▶ **Source data**:
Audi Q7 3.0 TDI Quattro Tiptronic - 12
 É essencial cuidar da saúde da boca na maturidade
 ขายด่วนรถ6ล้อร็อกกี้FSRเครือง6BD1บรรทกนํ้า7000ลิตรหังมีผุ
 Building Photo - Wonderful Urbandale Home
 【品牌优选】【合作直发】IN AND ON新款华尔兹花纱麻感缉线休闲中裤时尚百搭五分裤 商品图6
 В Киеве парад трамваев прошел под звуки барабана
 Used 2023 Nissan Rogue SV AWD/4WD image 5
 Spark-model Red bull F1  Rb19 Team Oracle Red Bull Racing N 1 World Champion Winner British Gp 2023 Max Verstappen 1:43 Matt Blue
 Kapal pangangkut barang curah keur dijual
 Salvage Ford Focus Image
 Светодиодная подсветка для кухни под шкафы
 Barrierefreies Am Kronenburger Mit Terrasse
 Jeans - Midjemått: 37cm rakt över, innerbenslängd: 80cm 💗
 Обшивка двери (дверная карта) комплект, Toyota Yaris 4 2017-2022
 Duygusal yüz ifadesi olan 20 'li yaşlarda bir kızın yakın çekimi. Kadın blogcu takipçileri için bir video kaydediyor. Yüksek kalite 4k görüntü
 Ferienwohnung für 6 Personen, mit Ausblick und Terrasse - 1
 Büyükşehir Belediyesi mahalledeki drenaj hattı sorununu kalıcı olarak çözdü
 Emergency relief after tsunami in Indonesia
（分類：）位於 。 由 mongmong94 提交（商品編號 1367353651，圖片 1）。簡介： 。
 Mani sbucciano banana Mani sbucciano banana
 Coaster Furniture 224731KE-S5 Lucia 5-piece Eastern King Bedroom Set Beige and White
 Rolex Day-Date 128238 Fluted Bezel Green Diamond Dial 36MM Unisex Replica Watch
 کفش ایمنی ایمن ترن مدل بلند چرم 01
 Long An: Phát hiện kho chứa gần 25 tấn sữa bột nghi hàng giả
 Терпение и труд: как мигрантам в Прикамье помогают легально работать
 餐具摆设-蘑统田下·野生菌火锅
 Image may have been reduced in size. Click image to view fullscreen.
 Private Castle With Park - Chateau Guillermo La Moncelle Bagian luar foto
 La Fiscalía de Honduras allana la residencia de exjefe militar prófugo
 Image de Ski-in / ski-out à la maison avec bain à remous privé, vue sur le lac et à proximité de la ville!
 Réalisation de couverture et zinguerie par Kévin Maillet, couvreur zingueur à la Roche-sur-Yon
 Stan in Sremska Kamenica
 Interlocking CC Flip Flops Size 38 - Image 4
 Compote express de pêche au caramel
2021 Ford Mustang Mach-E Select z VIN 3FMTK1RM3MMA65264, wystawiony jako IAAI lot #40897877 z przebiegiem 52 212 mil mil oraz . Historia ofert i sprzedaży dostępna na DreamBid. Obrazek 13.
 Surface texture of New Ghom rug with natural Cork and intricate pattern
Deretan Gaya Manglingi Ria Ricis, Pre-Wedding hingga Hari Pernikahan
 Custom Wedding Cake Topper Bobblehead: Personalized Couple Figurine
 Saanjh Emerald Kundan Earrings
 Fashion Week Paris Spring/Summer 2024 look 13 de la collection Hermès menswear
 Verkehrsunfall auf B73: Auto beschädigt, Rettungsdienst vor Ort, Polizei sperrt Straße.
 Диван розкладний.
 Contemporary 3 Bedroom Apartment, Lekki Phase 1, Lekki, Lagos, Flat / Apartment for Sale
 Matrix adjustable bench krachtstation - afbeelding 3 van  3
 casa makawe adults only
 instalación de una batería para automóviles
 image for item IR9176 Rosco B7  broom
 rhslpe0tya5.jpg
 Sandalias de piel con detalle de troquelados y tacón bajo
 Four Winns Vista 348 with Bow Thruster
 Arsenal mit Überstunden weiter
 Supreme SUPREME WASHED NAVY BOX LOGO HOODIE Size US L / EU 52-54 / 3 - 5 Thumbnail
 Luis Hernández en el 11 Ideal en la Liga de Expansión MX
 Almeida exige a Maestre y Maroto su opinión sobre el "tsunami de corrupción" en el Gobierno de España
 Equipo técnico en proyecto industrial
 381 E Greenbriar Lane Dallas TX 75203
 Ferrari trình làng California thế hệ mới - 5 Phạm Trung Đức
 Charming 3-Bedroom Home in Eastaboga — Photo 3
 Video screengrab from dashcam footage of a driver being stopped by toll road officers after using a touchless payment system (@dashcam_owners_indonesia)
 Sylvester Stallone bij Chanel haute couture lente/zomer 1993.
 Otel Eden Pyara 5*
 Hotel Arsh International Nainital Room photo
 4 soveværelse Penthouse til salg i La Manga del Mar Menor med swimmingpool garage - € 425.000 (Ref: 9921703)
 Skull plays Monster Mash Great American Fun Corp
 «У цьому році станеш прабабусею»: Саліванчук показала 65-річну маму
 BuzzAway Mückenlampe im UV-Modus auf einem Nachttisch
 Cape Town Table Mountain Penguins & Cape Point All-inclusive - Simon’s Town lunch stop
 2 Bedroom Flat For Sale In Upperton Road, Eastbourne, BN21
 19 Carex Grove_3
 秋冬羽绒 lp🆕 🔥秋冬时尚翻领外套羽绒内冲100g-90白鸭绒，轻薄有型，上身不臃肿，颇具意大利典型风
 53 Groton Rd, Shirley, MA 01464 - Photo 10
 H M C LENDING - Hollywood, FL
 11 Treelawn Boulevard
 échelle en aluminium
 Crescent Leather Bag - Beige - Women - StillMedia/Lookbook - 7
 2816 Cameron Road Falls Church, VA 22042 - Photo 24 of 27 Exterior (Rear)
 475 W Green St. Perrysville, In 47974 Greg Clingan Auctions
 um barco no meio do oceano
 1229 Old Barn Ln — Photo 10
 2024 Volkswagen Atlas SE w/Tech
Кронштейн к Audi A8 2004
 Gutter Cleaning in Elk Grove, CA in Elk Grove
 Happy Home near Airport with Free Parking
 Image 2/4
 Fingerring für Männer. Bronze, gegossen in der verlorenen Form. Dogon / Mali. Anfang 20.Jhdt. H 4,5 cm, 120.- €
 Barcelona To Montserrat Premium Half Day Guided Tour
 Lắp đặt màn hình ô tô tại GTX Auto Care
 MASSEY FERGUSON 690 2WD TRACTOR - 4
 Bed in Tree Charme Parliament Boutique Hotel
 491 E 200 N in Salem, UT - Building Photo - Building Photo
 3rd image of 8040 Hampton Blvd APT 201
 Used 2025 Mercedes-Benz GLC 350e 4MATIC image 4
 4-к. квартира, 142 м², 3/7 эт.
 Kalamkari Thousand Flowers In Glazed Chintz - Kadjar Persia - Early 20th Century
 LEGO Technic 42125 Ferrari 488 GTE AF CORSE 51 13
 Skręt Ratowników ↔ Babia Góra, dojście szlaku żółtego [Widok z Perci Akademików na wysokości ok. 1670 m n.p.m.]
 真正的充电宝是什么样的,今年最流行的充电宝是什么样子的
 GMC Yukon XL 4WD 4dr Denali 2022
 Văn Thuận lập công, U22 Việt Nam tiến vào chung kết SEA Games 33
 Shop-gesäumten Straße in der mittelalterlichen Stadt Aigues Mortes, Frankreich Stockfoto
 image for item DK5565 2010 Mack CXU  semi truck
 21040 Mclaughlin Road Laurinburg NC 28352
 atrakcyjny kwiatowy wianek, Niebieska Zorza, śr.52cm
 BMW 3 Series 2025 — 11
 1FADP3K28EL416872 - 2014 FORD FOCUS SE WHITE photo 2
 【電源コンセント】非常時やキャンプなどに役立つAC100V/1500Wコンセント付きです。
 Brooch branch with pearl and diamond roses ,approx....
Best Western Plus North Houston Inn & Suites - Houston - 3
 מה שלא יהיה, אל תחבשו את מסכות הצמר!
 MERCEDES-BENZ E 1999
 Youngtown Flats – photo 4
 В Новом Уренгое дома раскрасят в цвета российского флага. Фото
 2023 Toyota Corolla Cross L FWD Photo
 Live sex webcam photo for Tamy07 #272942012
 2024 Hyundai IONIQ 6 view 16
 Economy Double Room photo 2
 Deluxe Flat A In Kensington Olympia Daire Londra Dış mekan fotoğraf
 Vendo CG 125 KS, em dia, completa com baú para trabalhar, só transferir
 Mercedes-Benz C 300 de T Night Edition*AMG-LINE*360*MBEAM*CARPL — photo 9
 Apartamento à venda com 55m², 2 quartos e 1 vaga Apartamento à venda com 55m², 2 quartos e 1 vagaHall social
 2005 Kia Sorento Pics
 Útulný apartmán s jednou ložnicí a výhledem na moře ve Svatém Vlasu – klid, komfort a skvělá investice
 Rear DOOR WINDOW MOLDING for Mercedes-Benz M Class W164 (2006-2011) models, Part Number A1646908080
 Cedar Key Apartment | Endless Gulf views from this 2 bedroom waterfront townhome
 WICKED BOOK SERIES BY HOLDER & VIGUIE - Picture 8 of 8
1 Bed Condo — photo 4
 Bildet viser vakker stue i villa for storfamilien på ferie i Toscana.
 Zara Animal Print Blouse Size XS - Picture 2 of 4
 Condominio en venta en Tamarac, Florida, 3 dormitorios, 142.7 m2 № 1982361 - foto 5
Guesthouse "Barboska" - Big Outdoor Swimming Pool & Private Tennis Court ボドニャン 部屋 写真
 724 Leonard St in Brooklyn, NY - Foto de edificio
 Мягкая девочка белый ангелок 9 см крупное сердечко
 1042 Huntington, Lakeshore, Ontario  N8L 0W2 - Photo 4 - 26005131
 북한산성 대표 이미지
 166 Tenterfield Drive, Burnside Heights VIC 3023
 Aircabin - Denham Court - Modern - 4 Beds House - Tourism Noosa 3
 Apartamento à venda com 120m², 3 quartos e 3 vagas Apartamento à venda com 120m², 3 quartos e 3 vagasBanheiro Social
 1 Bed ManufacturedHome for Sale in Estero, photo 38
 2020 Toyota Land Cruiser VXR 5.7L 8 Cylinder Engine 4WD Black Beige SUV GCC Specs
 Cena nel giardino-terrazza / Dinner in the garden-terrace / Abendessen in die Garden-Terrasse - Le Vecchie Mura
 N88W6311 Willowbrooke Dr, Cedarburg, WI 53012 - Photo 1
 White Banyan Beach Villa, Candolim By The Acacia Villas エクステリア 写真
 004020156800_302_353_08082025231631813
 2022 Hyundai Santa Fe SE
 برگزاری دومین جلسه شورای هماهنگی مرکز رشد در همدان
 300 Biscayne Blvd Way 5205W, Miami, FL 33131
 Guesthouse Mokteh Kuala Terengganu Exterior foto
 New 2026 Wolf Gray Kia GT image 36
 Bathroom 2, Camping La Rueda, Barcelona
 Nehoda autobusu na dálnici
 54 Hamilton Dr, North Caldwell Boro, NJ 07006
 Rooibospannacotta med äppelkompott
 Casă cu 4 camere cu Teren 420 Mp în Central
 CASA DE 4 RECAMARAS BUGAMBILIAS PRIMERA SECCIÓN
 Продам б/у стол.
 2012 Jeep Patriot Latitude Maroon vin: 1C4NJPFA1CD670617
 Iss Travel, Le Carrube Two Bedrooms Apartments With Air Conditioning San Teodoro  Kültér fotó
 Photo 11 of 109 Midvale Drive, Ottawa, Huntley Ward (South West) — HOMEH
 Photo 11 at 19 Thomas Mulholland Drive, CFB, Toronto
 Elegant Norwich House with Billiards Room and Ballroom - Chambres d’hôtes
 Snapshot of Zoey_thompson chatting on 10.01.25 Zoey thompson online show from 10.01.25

▶ **Work required**:
The lines above from the one with "Kapal pangangkut barang curah keur dijual" through the one with "Ferienwohnung für 6" are to be duplicated exactly, ends included, with nothing added.

▶ **Finished task**:
 Kapal pangangkut barang curah keur dijual
 Salvage Ford Focus Image
 Светодиодная подсветка для кухни под шкафы
 Barrierefreies Am Kronenburger Mit Terrasse
 Jeans - Midjemått: 37cm rakt över, innerbenslängd: 80cm 💗
 Обшивка двери (дверная карта) комплект, Toyota Yaris 4 2017-2022
 Duygusal yüz ifadesi olan 20 'li yaşlarda bir kızın yakın çekimi. Kadın blogcu takipçileri için bir video kaydediyor. Yüksek kalite 4k görüntü
 Ferienwohnung für 6 Personen, mit Ausblick und Terrasse - 1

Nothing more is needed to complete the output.